Legitimidad, lucha interna y poder
La legitimidad democrática actual no puede solo conquistarse a partir del antagonismo entre "nosotros" -supuestamente, el pueblo- y "ellos" -los "antipatria"-. Tampoco si la gestión de la cosa pública no se abre al escrutinio de toda la sociedad.
La interna de la coalición gobernante está llegando, según todos los analistas, a extremos que podrían concluir en imprevisibles derivaciones. Los ataques a la gestión del Ejecutivo nacional provenientes del sector más fiel a la vicepresidenta recrudecieron en los últimos días y ya no se trata solo de chicanas o estrategias que procuran alcanzar mejores posiciones de poder, sino de una lucha directa por modificar drásticamente el rumbo que debe tomarse.
El vocero principal de la embestida es un ministro de la provincia de Buenos Aires, quien no pronuncia palabra si no es con autorización de algún miembro de la familia Kirchner. Días atrás cuestionó al presidente de la Nación y a sus ministros, señalando que "el gobierno es nuestro", en franca alusión a la facción que integra dentro del Frente de Todos. Es decir, afirma, convencido, que el gobierno pertenece solo a una de las corrientes internas.
Esta visión es propia del populismo más rancio. En primer lugar, porque, de acuerdo a los postulados de Ernesto Laclau, el "nosotros" referiría al grupo social antagónico al "ellos" que, en este caso, parece también incluir al presidente y a algunos de sus colaboradores. Es que, de acuerdo a esta interpretación ideológica, la hegemonía es central para mantener el poder y cualquier desviación pone en peligro las bases de sustentación de un régimen populista.
Por otro lado, aun cuando haya escrito en una de sus famosas cartas que no actuaría de la misma manera que "Chacho" Álvarez, el renunciante vicepresidente del gobierno de la Alianza en 2001, quien ocupa hoy ese cargo ya carga sin miramientos contra la gestión del mandatario que ella misma designó.
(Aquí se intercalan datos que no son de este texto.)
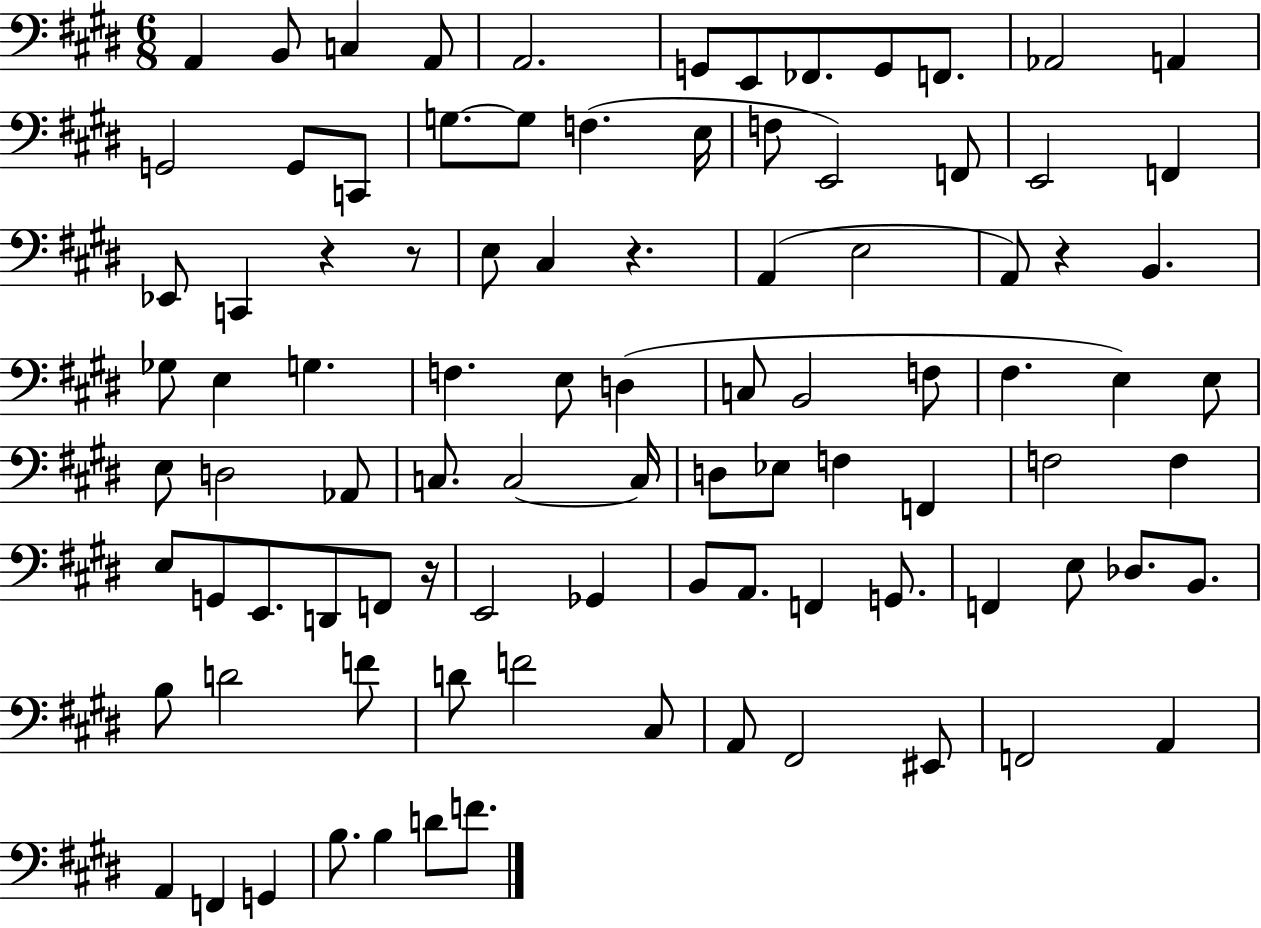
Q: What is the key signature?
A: E major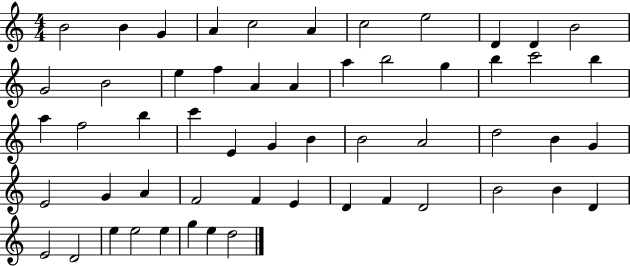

Recordó en las redes sociales que, en 2003, el kirchnerismo llegó al poder con 22% de los votos y brindó otra de sus "lecciones", señalando que la legitimidad la obtuvo por el supuesto éxito de su gestión.
La filosofía política ha abordado el tema de la legitimidad desde hace mucho tiempo. Esta condición exige un grado de consenso de la ciudadanía. Porque, al fin y al cabo, el "nosotros" referido al manejo del Estado es la suma de los ciudadanos que legitiman el poder que ha sido conseguido ya sea por tradición (autoridades religiosas), por el carisma del líder (personajes autoritarios o monarquías) y por la observancia de las reglas y las leyes, según el sociólogo alemán Max Weber.
La legitimidad de gestión podría producirse en cualquiera de las tres maneras de llegar al poder. Pero en una democracia solo es válida cuando haya respeto de los procedimientos y las instituciones, así como de las normas que regulan el ejercicio del poder. Más aún: en la actualidad se habla de "relegitimación", que incluye dos exigencias ineludibles para cualquier gobernante de nuestro tiempo: transparencia y responsabilidad.
La calidad del actual sistema democrático se parangona con la facilidad de acceso a la información pública y es fuente de legitimación. Y, para que haya transparencia, debe existir responsabilidad en cada uno de los actos de gobierno, así como en la manifestación pública de sus voceros. Por ello, la legitimidad democrática actual no puede solo conquistarse a partir del antagonismo entre "nosotros" -supuestamente, el pueblo- y "ellos" -los "antipatria"-. Tampoco si la gestión de la cosa pública no se abre al escrutinio de toda la sociedad. Mucho menos si la irresponsabilidad termina enfrascando a ciertos gobernantes en una estéril lucha de poder que solo genera más incertidumbre.